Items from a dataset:
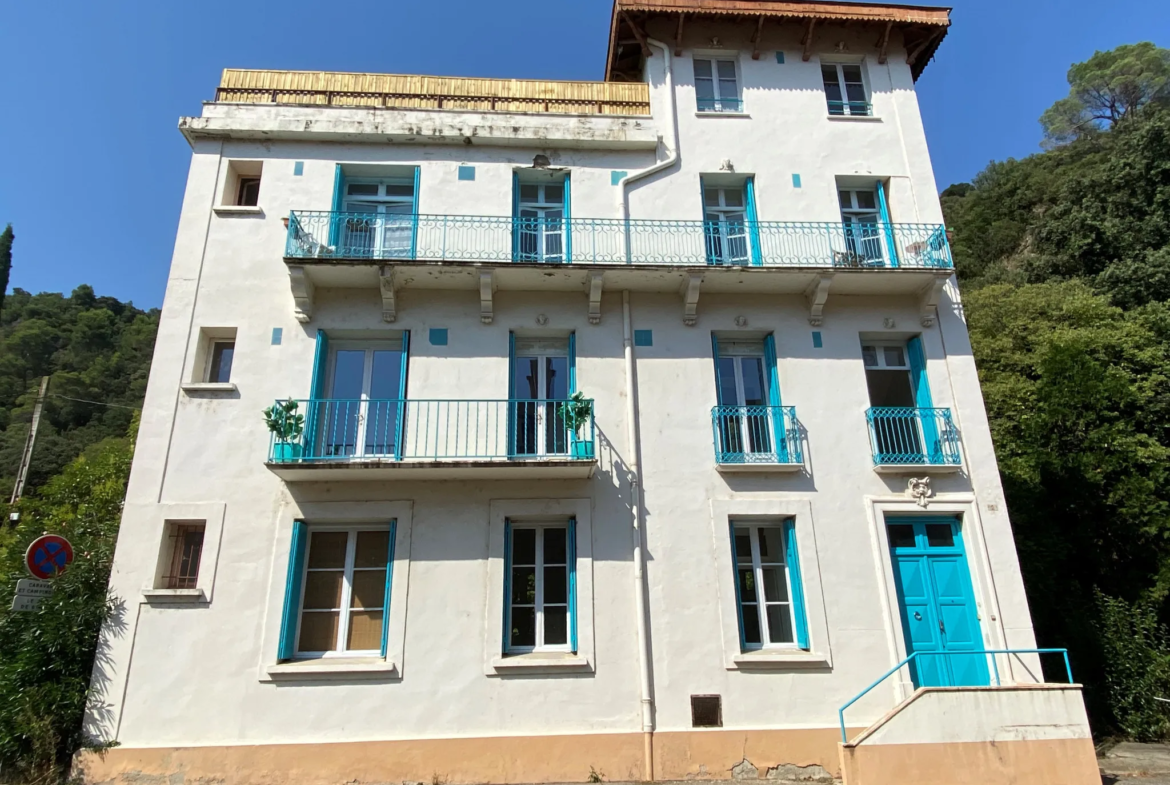 Maison avec 3 Appartements à Amélie-les-Bains 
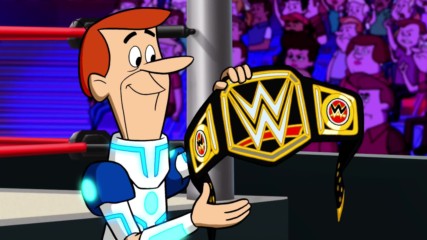 George Jetson is the new WWE Champion?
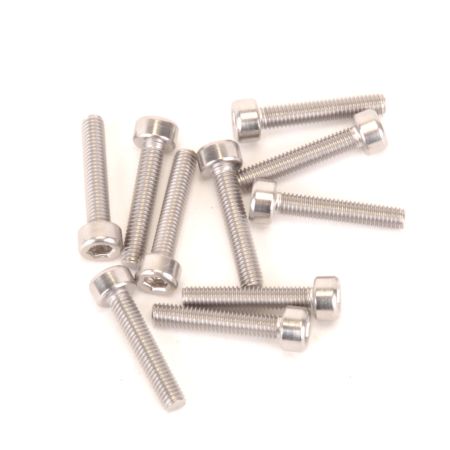 Schumacher SPEED PACK M3 x 16 SS Cap Hd  (pk10)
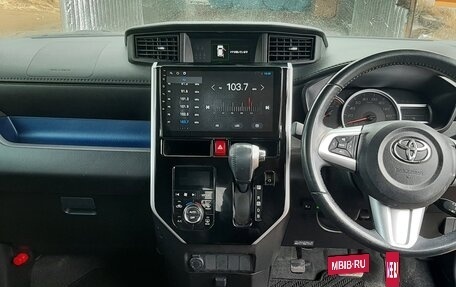 Toyota Roomy I, 2017 год, 950 000 рублей, 10 фотография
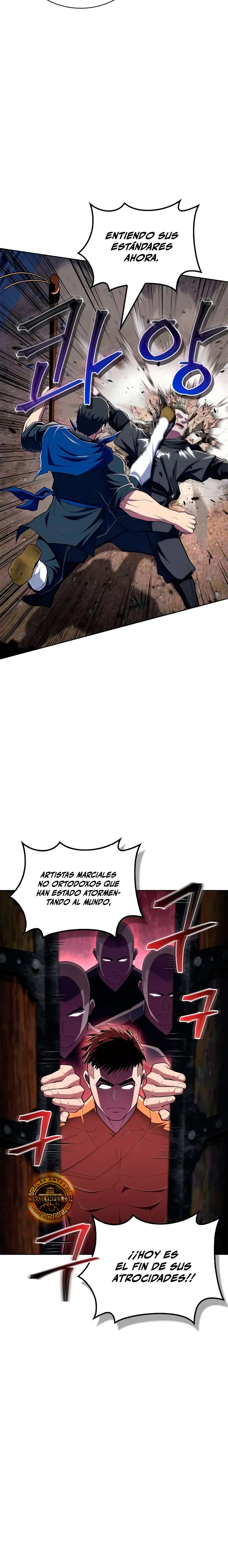 El Genio entrenador de artes marciales Capítulo 49 - Page 11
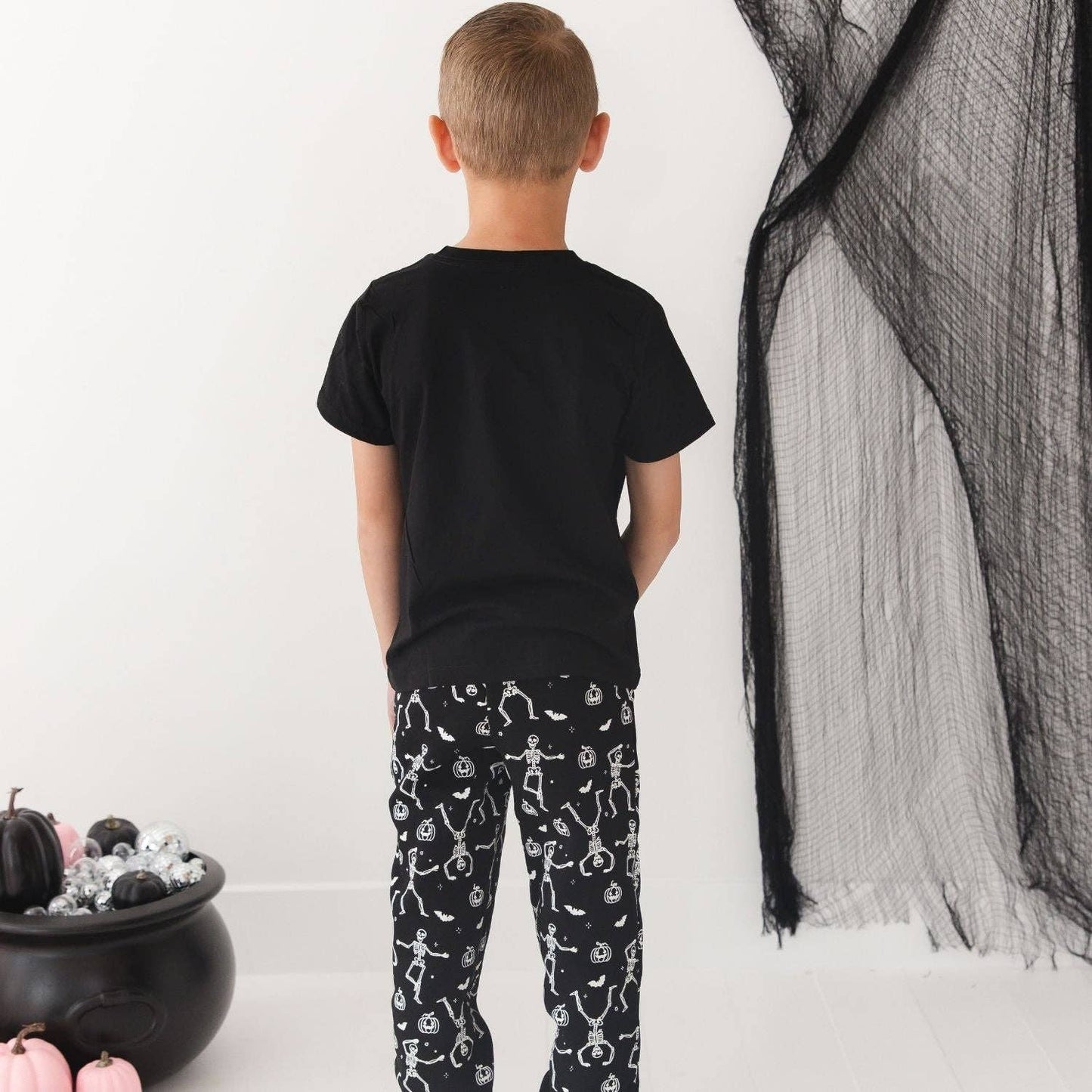Glow In The Dark Silly Skelly Tee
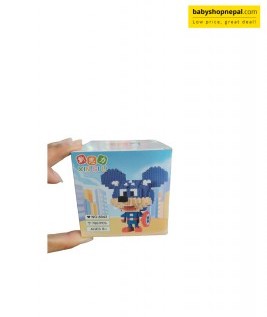 Captain America Themed Mickey Mouse Micro Building Blocks Set, Micro Building Blocks -2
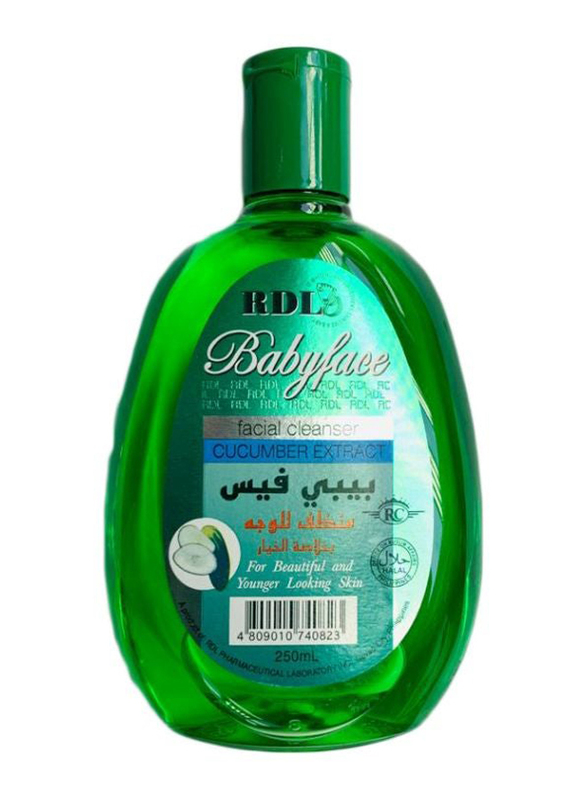 RDL Baby Face Cucumber Extract Facial Cleanser, 250ml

### INSTRUCTIONS FOR THE TASK
Where the line containing "Schumacher SPEED PACK" appears in the records above, begin copying and continue exactly through the last line, with nothing else; omit every picture.

### REPLY TO THE EXERCISE
 Schumacher SPEED PACK M3 x 16 SS Cap Hd  (pk10)
 Toyota Roomy I, 2017 год, 950 000 рублей, 10 фотография
 El Genio entrenador de artes marciales Capítulo 49 - Page 11
Glow In The Dark Silly Skelly Tee
 Captain America Themed Mickey Mouse Micro Building Blocks Set, Micro Building Blocks -2
 RDL Baby Face Cucumber Extract Facial Cleanser, 250ml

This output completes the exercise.